■ **Instructions for the task**:
Transcribe all of the records precisely as they are presented.

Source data
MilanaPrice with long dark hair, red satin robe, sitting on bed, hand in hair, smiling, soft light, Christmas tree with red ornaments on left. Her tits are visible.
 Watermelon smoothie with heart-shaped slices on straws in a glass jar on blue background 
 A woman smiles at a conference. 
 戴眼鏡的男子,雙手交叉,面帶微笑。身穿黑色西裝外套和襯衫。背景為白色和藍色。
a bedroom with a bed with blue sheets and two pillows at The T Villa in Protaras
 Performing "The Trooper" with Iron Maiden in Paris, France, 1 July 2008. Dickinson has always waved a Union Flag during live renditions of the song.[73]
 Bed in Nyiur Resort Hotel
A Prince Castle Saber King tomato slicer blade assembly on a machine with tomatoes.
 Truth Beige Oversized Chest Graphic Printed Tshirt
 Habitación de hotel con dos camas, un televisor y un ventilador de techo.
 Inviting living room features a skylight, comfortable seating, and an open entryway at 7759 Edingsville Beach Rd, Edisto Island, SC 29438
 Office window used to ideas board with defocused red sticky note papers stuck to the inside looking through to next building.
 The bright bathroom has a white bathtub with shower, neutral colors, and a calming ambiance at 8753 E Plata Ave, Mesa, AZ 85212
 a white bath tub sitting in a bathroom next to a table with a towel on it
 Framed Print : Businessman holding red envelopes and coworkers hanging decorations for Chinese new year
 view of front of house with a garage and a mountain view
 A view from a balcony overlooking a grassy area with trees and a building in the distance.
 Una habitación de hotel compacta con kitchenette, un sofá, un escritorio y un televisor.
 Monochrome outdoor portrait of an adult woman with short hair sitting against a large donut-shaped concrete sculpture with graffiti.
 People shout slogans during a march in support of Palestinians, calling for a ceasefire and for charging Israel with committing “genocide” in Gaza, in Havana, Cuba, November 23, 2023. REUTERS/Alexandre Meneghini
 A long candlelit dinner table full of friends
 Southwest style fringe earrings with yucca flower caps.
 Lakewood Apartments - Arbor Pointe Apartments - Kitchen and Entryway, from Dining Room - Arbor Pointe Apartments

■ **Reply to the task**:
MilanaPrice with long dark hair, red satin robe, sitting on bed, hand in hair, smiling, soft light, Christmas tree with red ornaments on left. Her tits are visible.
 Watermelon smoothie with heart-shaped slices on straws in a glass jar on blue background 
 A woman smiles at a conference. 
 戴眼鏡的男子,雙手交叉,面帶微笑。身穿黑色西裝外套和襯衫。背景為白色和藍色。
a bedroom with a bed with blue sheets and two pillows at The T Villa in Protaras
 Performing "The Trooper" with Iron Maiden in Paris, France, 1 July 2008. Dickinson has always waved a Union Flag during live renditions of the song.[73]
 Bed in Nyiur Resort Hotel
A Prince Castle Saber King tomato slicer blade assembly on a machine with tomatoes.
 Truth Beige Oversized Chest Graphic Printed Tshirt
 Habitación de hotel con dos camas, un televisor y un ventilador de techo.
 Inviting living room features a skylight, comfortable seating, and an open entryway at 7759 Edingsville Beach Rd, Edisto Island, SC 29438
 Office window used to ideas board with defocused red sticky note papers stuck to the inside looking through to next building.
 The bright bathroom has a white bathtub with shower, neutral colors, and a calming ambiance at 8753 E Plata Ave, Mesa, AZ 85212
 a white bath tub sitting in a bathroom next to a table with a towel on it
 Framed Print : Businessman holding red envelopes and coworkers hanging decorations for Chinese new year
 view of front of house with a garage and a mountain view
 A view from a balcony overlooking a grassy area with trees and a building in the distance.
 Una habitación de hotel compacta con kitchenette, un sofá, un escritorio y un televisor.
 Monochrome outdoor portrait of an adult woman with short hair sitting against a large donut-shaped concrete sculpture with graffiti.
 People shout slogans during a march in support of Palestinians, calling for a ceasefire and for charging Israel with committing “genocide” in Gaza, in Havana, Cuba, November 23, 2023. REUTERS/Alexandre Meneghini
 A long candlelit dinner table full of friends
 Southwest style fringe earrings with yucca flower caps.
 Lakewood Apartments - Arbor Pointe Apartments - Kitchen and Entryway, from Dining Room - Arbor Pointe Apartments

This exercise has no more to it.